__Problem description__. Please reproduce every record exactly as written, leaving out the pictures.

__Excerpted data__.
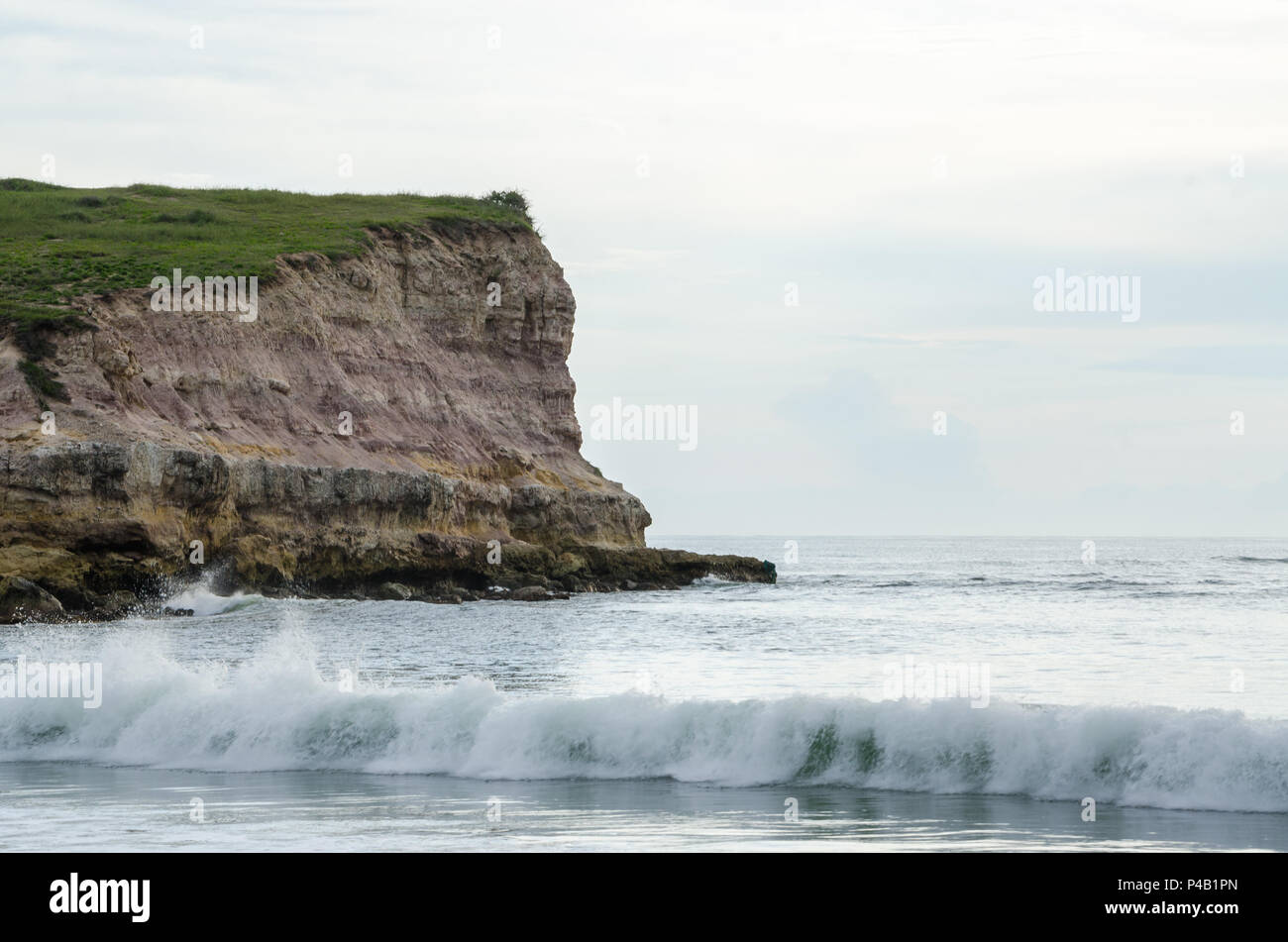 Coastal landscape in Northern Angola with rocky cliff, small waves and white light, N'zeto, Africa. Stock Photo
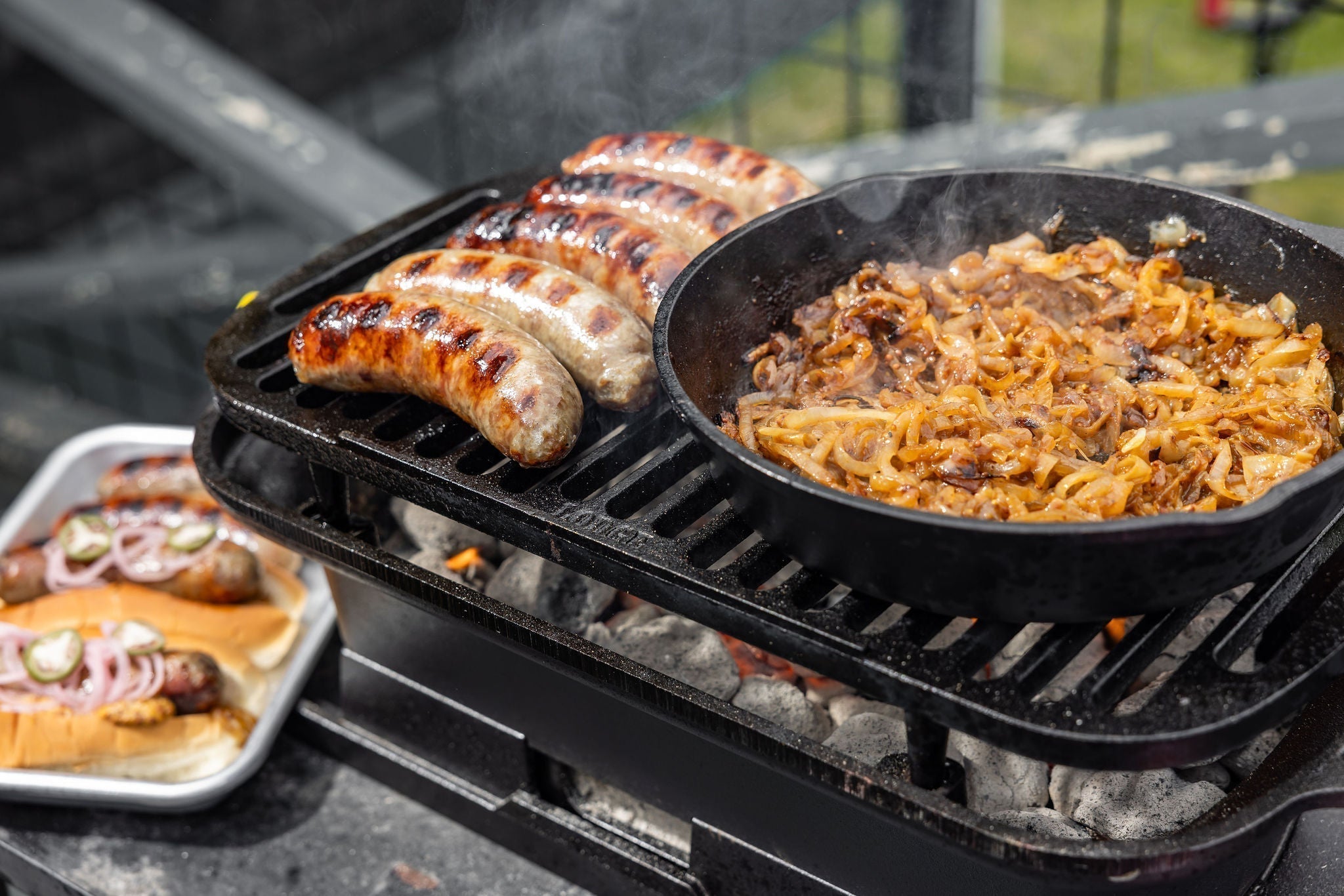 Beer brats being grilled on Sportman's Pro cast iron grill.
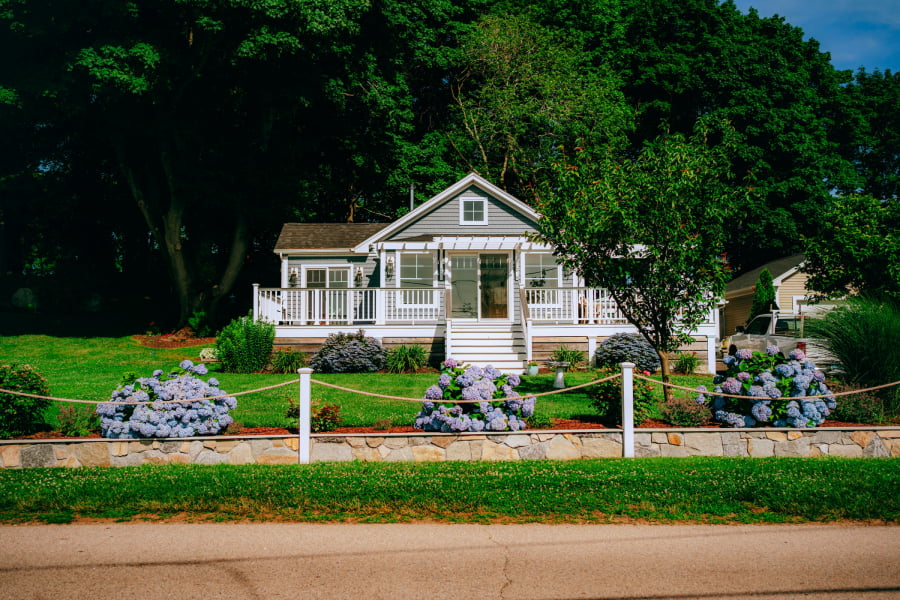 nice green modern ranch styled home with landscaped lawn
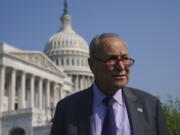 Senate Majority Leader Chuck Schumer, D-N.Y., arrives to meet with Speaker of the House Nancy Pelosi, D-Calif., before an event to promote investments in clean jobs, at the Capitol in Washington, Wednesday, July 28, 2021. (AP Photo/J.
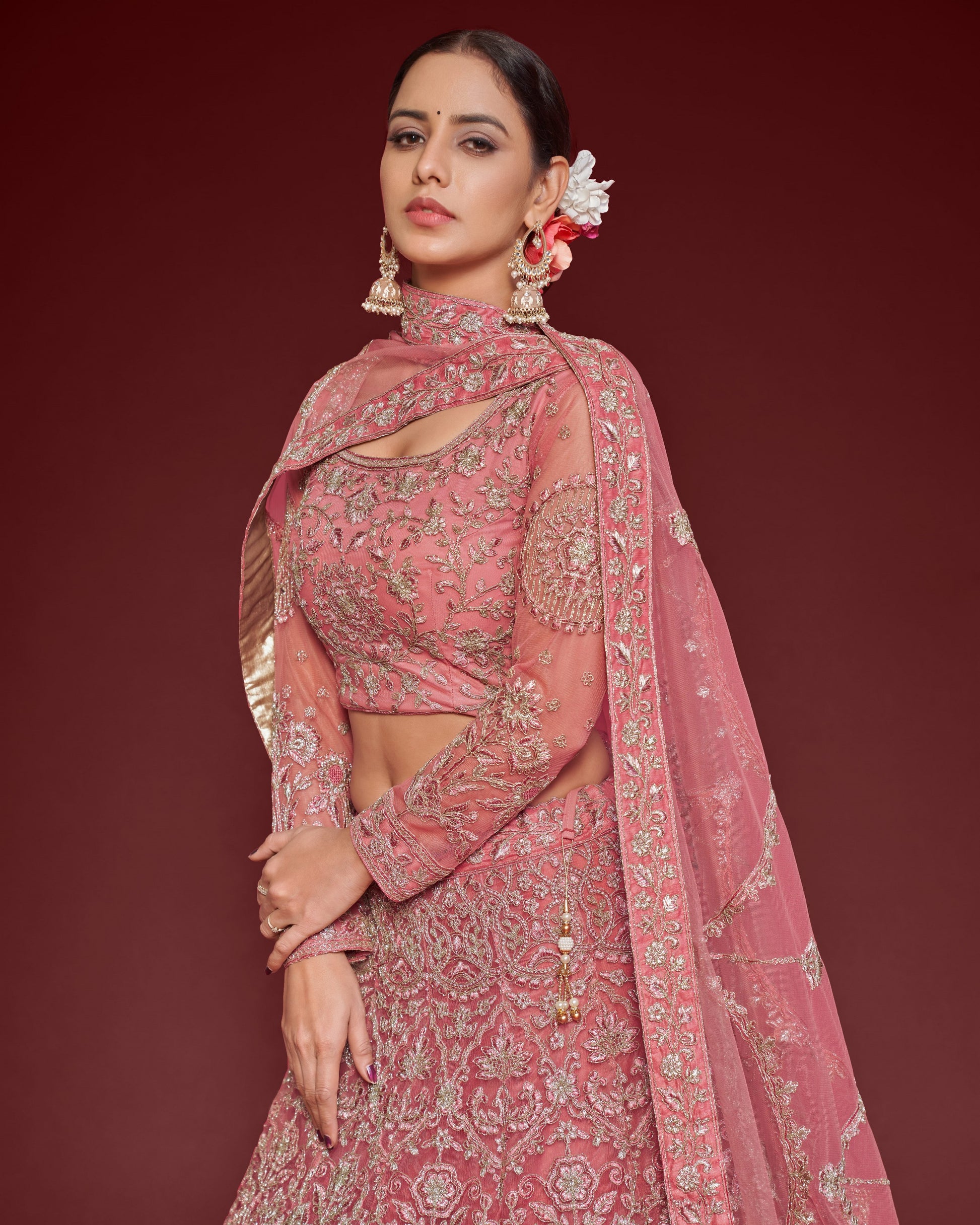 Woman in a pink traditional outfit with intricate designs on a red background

__Written answer__.
 Coastal landscape in Northern Angola with rocky cliff, small waves and white light, N'zeto, Africa. Stock Photo
 Beer brats being grilled on Sportman's Pro cast iron grill.
 nice green modern ranch styled home with landscaped lawn
 Senate Majority Leader Chuck Schumer, D-N.Y., arrives to meet with Speaker of the House Nancy Pelosi, D-Calif., before an event to promote investments in clean jobs, at the Capitol in Washington, Wednesday, July 28, 2021. (AP Photo/J.
 Woman in a pink traditional outfit with intricate designs on a red background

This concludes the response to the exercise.